Kirby’s final line: six innings pitched, five runs allowed, six hits with one walk and three strikeouts.
“Mistakes,” catcher Cal Raleigh said of the Nationals’ success after the first three innings. “It’s not just George, it’s anyone in the league. If you come here and throw balls down the middle, they’re going to get hit. Sometimes you can get away with it if you have elite stuff or off-speed or off-beat pitches, but the hitters in the MLB are too good.”
Meanwhile, the Mariners’ hitters were busy being blocked by the Nationals’ young left-hander, MacKenzie Gore.
The former top pitching prospect, who has a fastball that sits in the upper 90s along with a nasty slider, tied a career-high with seven innings pitched, allowing just one run on four hits with one walk and eight strikeouts.
“Gore has very good stuff and is having a good season,” Servais said. “Obviously he’s starting to realize some things. He has a really good fastball and secondary pitches to go with it, but we’ve had a hard time putting much together recently against the starting pitchers here. That has to improve. “You are not going to win games 1-0 or 2-1 away from home.”
The Mariners as a team managed only five hits that night. His only run came on Gore’s second pitch of the game. Leadoff hitter JP Crawford hit a solo home run to left-center field to give Seattle a 1-0 lead. The Mariners never threatened to score again.
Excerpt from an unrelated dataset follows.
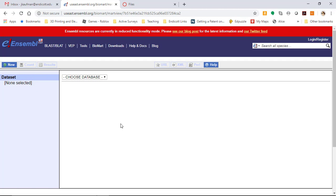One thing you learned last week is what data 23andMe sends to individuals when they ask for their raw data file. It's very simple, only four columns: you get the RSID, the chromosome, the base position, and the genotype. There isn't any information about what that genotype means. The BioMart tool is the database where we're going to get the information about the meaning behind each SNP.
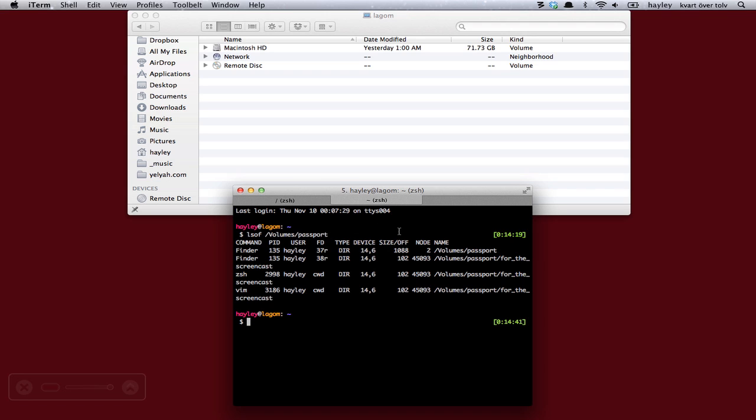And then it will tell you what is accessing it. And then you can just go kill those processes, tell them to sort off or something, and then you'll be happy as a clam.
“We hit some balls hard and they made some good defensive plays,” Servais said.
And yet …
“You can’t win that way, especially on the road,” Raleigh said. “You can’t score one or two runs and expect your pitching staff to carry us like that. It is not possible. We have to improve it a little. We have to find ways to score more runs. True, there have only been a few long balls, which have been good, but you can’t live and die by that.”